The records:
::::

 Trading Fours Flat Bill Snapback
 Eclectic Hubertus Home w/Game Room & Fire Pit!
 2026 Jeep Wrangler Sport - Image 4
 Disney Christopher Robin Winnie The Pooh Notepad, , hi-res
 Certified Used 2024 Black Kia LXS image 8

::::

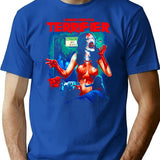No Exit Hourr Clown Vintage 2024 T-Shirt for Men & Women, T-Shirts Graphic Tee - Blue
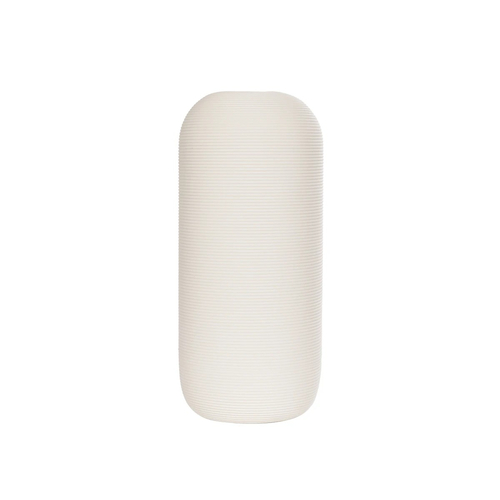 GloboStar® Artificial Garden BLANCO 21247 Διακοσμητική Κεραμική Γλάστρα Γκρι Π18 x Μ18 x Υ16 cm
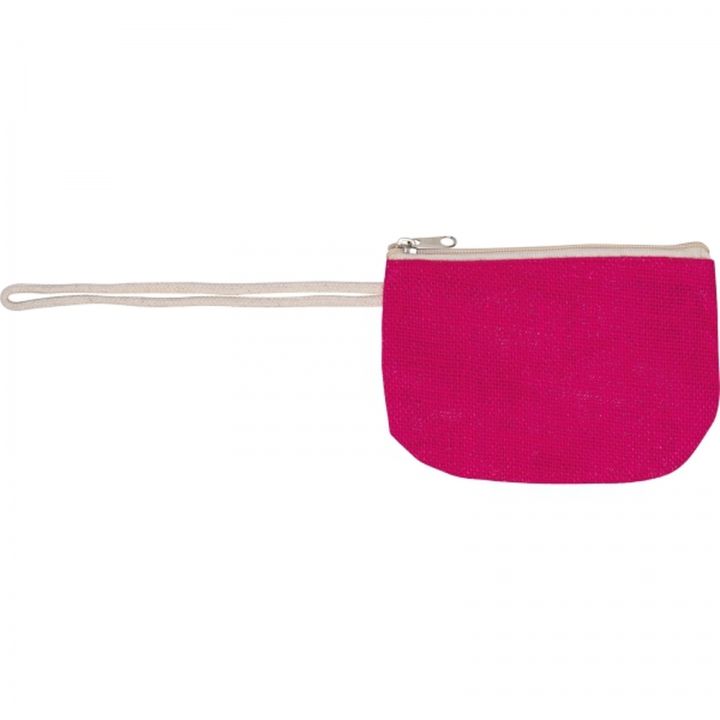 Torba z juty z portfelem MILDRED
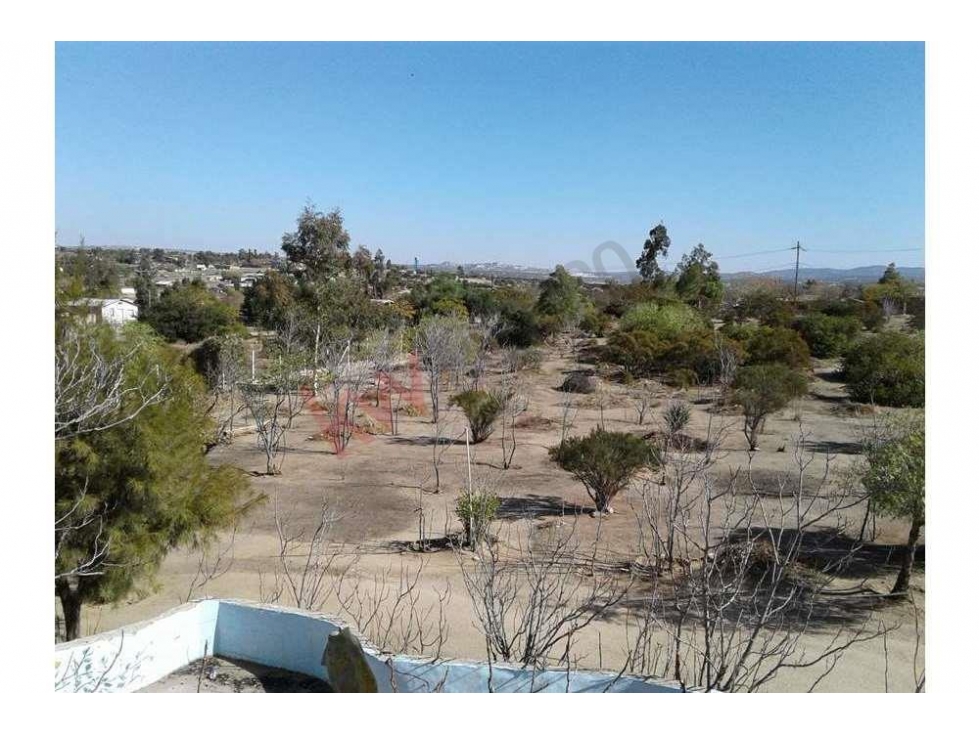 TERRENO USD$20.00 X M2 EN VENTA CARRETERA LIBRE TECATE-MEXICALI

::::

Your instructions: Using the records above, print exactly the lines between the ones containing "Torba z juty z portfelem MILDRED" and "TERRENO USD$20.00 X", inclusive, and nothing else; no pictures.

Answer for the task:
 Torba z juty z portfelem MILDRED
 TERRENO USD$20.00 X M2 EN VENTA CARRETERA LIBRE TECATE-MEXICALI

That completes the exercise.